During the next water break I tried to get my spot back, but SHE wouldn't move.
And then I saw it.
The blinged out half shirt said-- I couldn't make this up "Jesus Loves Me."
The fact that the woman was in her 50's, had a pony tail and a tanning booth tan was hilarious.
The fact that she was in a bedazzled Jesus half-shirt was BEYOND funny.
It was a little hard to keep a straight face. Fortunately, since she was avoiding eye contact, she didn't see me cracking up. I kept thinking "WWJD?" I think Jesus would have politely moved to the back of the class and let me return to my awesome spot.

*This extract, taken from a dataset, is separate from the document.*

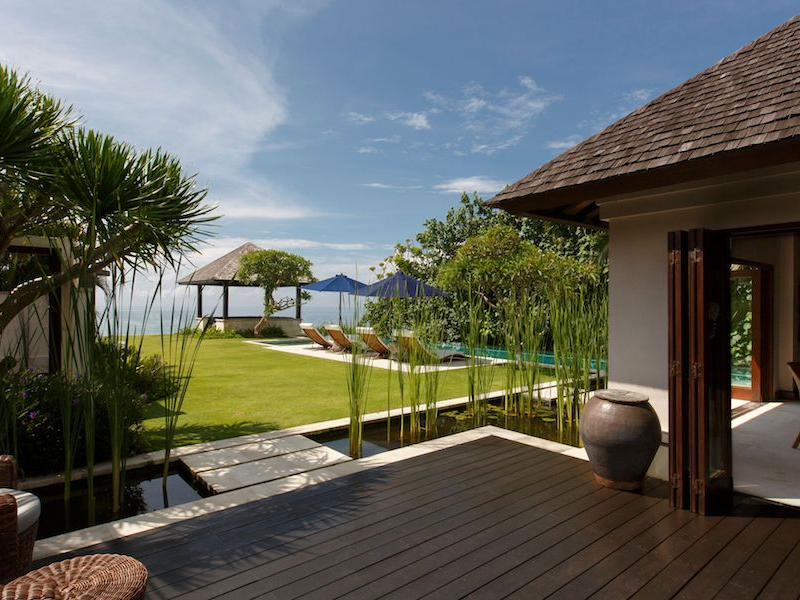 Picture of room One bedroom , Garden View Villas Intimate escape in paradise / Airport transfer incl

So I spent the rest of the class meandering from spot to spot, avoiding Flailing Girl and apologizing for blocking people-- because that's how I roll. The Catholic in me runs deep- I feel guilty even when it isn't my fault.
If only Father Ed had worn a bedazzled t-shirt perhaps I would have been more confident. I would have felt it was my Christian duty to take my rightful spot in class.
But alas, I am me.
Plus, I had on my "Life is Good" shirt with the happy, smiling stick figure in the lotus position. My t-shirt advertised peace, love & happiness. Kicking the crap out of the bedazzled, pony tailed, overly tan Jesus lover probably would not have been the best solution. Although I would be lying if I didn't say the thought occurred to me....
Because in the end, life is good. Computer issues, taxes, bad drivers, craziness- it's all part of it. And I think bedazzled Jesus would agree.
Too bad the shirt didn't say "Do Unto Others"...
Comments
Also, I accidentally deleted your comment on my first post-- I fat fingered the button on my phone and deleted it rather than posted it. Arggh.